As maiores empresas de tecnologia como GOOGLE, Amazon e Facebook dispensam a entrega de diplomas ou certificados em seus processos seletivos. Eles já entenderam que é mais importante saber fazer de fato, do que um papel informando que a pessoa estudou para saber tal coisa. Alguém aí já viu no boletim uma  nota para “inteligência emocional”? Criatividade? Ou algum tipo de menção a “excelência em relacionamentos interpessoais”? Pois é! Eis a distância que temos entre as exigências do mercado com aquilo que os processos de formação escolar têm feito.

Mas afinal, como adquirir tais habilidades? É! Isso não está no Google, não está no YouTube, em um curso rápido de gestão, somente a prática poderá ensinar.

Habilidades requerem prática para serem adquiridas. É preciso expor as crianças à determinados tipos de pressão para forjar seu caráter, é preciso estar diante de situações problema reais para buscar soluções, é preciso estar inserido no mundo real para aprender a viver nele! E aí o homeschool traz grande vantagem. Os homeschoolers estão diretamente inseridos no contexto social, todas as situações vividas em seu dia a dia podem ser bem aproveitadas para orientá-los a tais habilidades, mesmo as mais simples, como seguir as orientações para ter sucesso em uma receita, abrir mão de uma peça de lego para que o projeto do outro fique completo, buscar meios alternativos para terminar uma tarefa quando você não dispõe de todos os materiais listados, enfim, infinitas são as possibilidades diárias, mas, é preciso o olhar atento dos pais ou tutores para não desperdiça-las e encontrar a melhor forma de orientar os estudantes.

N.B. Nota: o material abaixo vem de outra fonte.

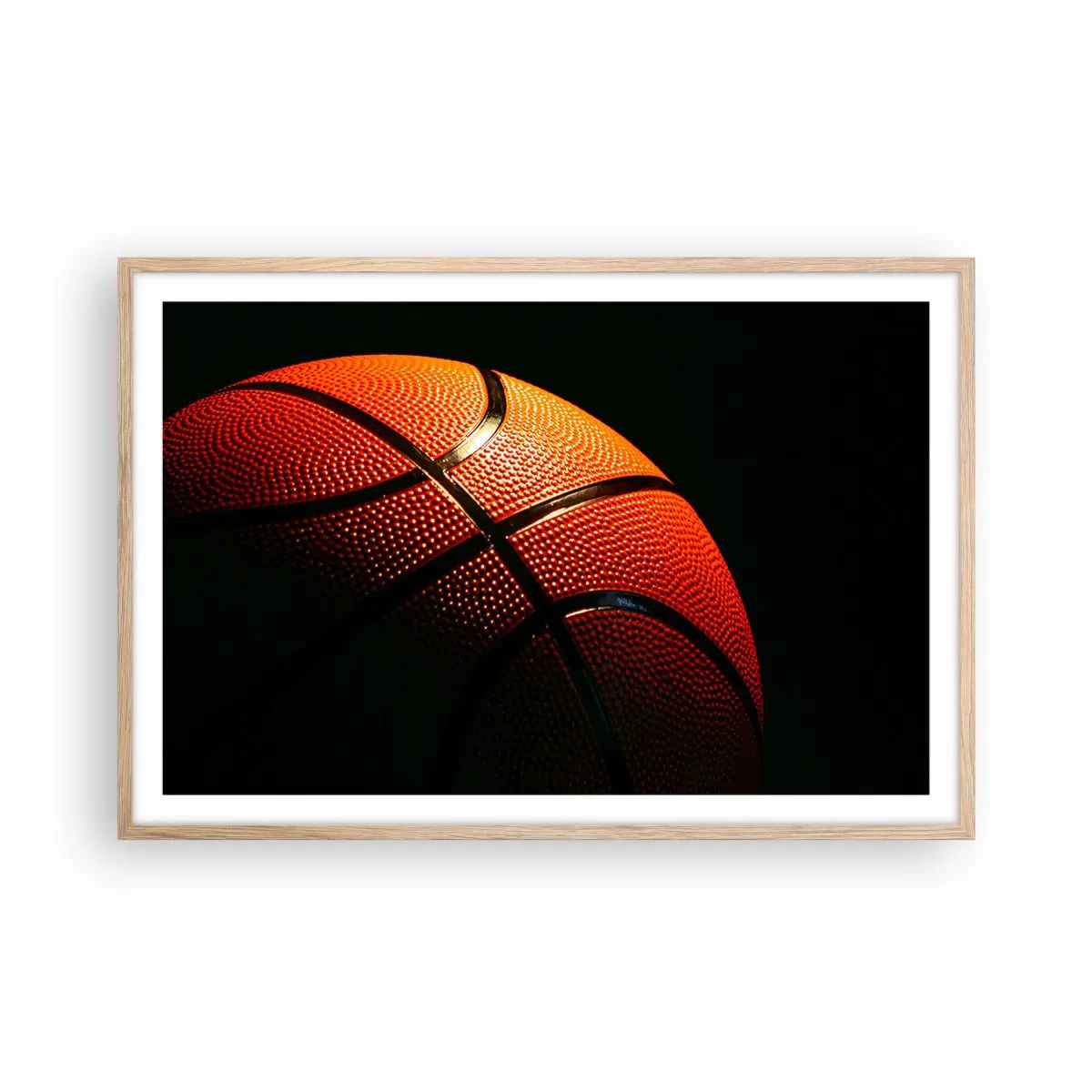 Een poster in een licht eiken lijst - Mooi als een planeet - 91x61 cm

Para quem está começando a jornada de homeschool com a família, às vezes pode ser difícil enxergar tais possibilidades e a dica é: busque referências em quem já trilhou este caminho, procure conviver com pessoas de caráter admirável, busque materiais de apoio dignos para te auxiliar no processo e, principalmente, lembre-se de que as notas avaliativas por si só não definem a sua competência!